» **What the exercise asks**:
Go through the following data and transcribe exactly the stretch of lines from the one holding "Fototapeta premium A" to the one holding "DC2143A-C, Demo Board", both included.

Records from a dataset
((

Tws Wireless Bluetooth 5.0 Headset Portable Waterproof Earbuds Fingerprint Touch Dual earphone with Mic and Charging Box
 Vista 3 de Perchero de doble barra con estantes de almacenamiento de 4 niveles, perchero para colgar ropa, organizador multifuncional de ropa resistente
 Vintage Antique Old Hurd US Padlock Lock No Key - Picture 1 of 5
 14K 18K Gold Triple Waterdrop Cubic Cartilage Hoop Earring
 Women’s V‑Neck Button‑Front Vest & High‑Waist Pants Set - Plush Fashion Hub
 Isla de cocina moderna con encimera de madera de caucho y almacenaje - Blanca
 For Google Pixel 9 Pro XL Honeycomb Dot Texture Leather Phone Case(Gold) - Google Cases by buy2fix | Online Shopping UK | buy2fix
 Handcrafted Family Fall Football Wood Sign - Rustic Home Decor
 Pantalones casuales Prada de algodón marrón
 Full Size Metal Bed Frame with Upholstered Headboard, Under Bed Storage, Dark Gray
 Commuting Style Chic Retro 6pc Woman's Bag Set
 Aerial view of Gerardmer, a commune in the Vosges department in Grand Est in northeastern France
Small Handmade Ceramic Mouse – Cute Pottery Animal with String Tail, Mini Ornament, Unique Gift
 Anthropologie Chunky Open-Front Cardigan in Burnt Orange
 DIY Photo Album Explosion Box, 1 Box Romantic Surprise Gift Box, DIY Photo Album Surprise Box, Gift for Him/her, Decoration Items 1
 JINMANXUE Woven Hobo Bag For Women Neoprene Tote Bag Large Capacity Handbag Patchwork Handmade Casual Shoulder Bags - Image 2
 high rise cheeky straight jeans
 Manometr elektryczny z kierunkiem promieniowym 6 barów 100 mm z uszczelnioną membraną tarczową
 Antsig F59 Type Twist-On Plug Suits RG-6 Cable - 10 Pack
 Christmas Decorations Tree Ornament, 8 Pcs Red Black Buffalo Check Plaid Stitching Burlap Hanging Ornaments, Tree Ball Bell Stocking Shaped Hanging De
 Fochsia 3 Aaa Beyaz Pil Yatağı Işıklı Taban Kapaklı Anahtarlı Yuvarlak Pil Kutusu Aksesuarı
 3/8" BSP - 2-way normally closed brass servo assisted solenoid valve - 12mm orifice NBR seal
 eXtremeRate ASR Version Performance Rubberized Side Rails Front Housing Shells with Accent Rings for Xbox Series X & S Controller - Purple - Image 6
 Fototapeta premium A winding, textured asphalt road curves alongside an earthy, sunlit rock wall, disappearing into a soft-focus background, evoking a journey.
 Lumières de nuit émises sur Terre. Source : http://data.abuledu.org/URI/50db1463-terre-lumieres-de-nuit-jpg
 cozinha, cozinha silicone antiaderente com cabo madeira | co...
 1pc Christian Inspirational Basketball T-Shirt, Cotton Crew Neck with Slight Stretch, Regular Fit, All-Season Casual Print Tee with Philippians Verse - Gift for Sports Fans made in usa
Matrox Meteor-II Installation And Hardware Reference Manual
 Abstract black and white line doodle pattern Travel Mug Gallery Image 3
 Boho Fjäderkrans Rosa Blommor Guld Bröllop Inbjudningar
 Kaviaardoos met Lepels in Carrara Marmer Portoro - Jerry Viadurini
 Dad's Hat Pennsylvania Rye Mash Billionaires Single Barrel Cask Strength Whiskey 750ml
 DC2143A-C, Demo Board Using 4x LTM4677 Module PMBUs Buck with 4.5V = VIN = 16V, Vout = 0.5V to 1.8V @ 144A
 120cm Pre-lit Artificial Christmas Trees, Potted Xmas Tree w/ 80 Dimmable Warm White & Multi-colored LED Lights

))

» **Solution to this problem**:
 Fototapeta premium A winding, textured asphalt road curves alongside an earthy, sunlit rock wall, disappearing into a soft-focus background, evoking a journey.
 Lumières de nuit émises sur Terre. Source : http://data.abuledu.org/URI/50db1463-terre-lumieres-de-nuit-jpg
 cozinha, cozinha silicone antiaderente com cabo madeira | co...
 1pc Christian Inspirational Basketball T-Shirt, Cotton Crew Neck with Slight Stretch, Regular Fit, All-Season Casual Print Tee with Philippians Verse - Gift for Sports Fans made in usa
Matrox Meteor-II Installation And Hardware Reference Manual
 Abstract black and white line doodle pattern Travel Mug Gallery Image 3
 Boho Fjäderkrans Rosa Blommor Guld Bröllop Inbjudningar
 Kaviaardoos met Lepels in Carrara Marmer Portoro - Jerry Viadurini
 Dad's Hat Pennsylvania Rye Mash Billionaires Single Barrel Cask Strength Whiskey 750ml
 DC2143A-C, Demo Board Using 4x LTM4677 Module PMBUs Buck with 4.5V = VIN = 16V, Vout = 0.5V to 1.8V @ 144A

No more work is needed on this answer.